Material provided:
::::::
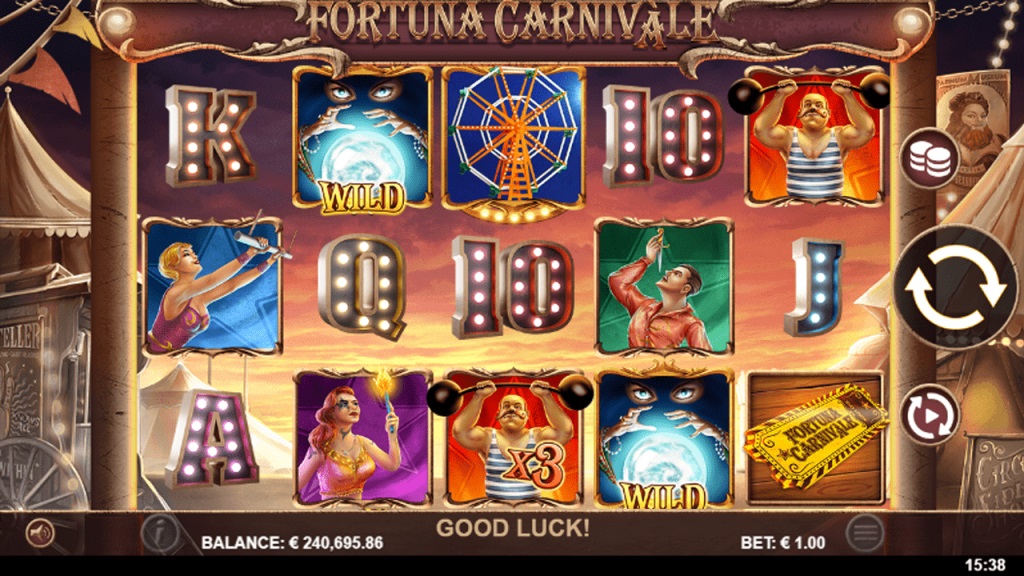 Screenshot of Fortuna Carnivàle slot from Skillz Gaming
::::::
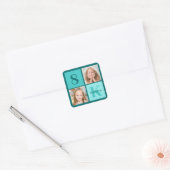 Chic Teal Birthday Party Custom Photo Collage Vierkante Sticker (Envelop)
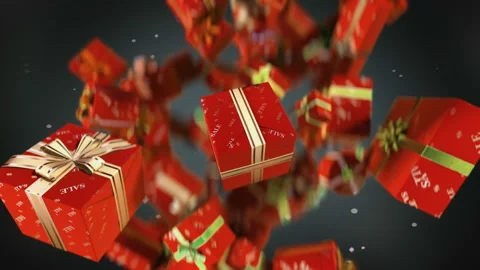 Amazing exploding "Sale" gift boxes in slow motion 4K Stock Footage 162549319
::::::
Required action: The lines above from the line with "Chic Teal Birthday" through the line with "Stock Footage 162549319" are to be given again word for word, with no pictures among them.

Reply:
 Chic Teal Birthday Party Custom Photo Collage Vierkante Sticker (Envelop)
 Amazing exploding "Sale" gift boxes in slow motion 4K Stock Footage 162549319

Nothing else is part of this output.